Jessica Parratto’s Olympic dance card got more crowded for Rio while Katrina Young earned her first Olympic berth as they took first and second, respectively, in women’s individual 10-meter platform at the U.S. Olympic Trials for Diving Saturday night at the Indiana University Natatorium in Indianapolis.
Already on the 2016 U.S. Olympic Team with partner Amy Cozad as the U.S. women’s synchronized 10-meter tandem, Parratto scored the chance to compete individually as well. Carrying a 69-point lead into Saturday’s final round, she cruised with a solid performance, staying ahead of a rough-and-tumble battle for the second Olympic spot. Young began the evening in fourth place, 25.6 points away from second, but slowly advanced up the standings while Murphy Bromberg and Cozad stumbled on their later dives, propelling Young into second place and onto the Olympic team.
Parratto won with a total score of 1,030.05, while Young surged to second with 982.10 points, vaulting past Bromberg, who finished third with 958.40, and Cozad, who was fourth with a score of 937.25.
Although Rio will be her first Olympic Games, Parratto, who turns 22 Monday, has a certain familiarity with Olympic success. Her father, Mike, coached one of the most decorated female swimmers in Olympic history, Jenny Thompson, who refers to Parratto as her “little sister.” Jessica’s mother Amy, a five-time diving All-American at Wellesley College, coached her until 2009, when she moved to Indianapolis to train. Parratto has won a total of seven senior national titles and has earned selection to the national team six times.

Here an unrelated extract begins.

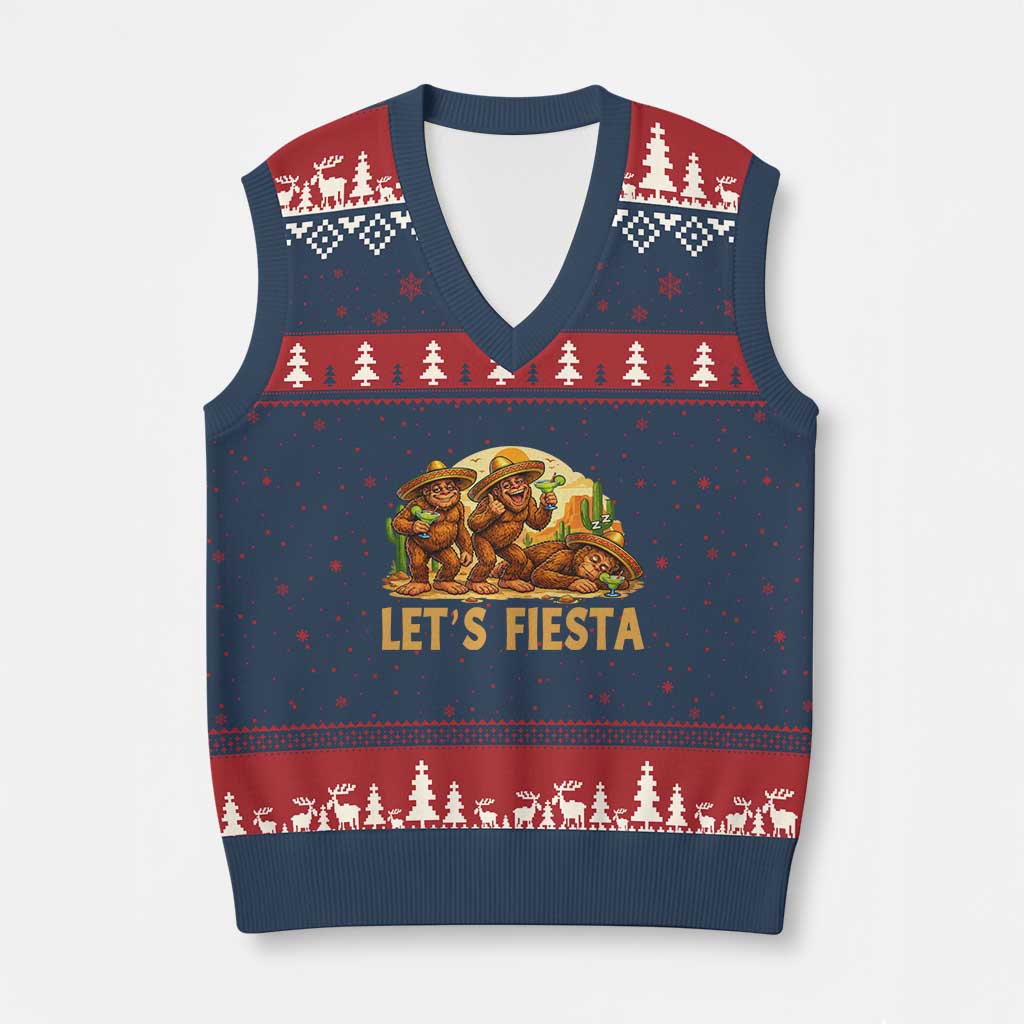 Funny Drunk Bigfoot Cinco De Mayo V-Neck Knit Sweater Vest Lets Fiesta Party Gift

Young, 24, began diving at the age of 9 and earned a platform silver medal at the 2005 Junior Pan American Championships. Two years later she broke her right leg across the growth plate, which began a long and difficult journey back to form before making her first national team in 2013. Prior to Saturday night, she had only two podium finishes domestically, bronze medals at the 2012 and 2015 national championships. A two-time All-American for Florida State University, where she received a degree in commercial music in 2015, she becomes the second Olympian in her family. Her grandmother, Elaine Young, was a sprinter at the London 1948 Olympic Games.
The last time an American won an Olympic medal in women’s platform diving was the Sydney 2000 Olympic Games, when Laura Wilkinson won gold.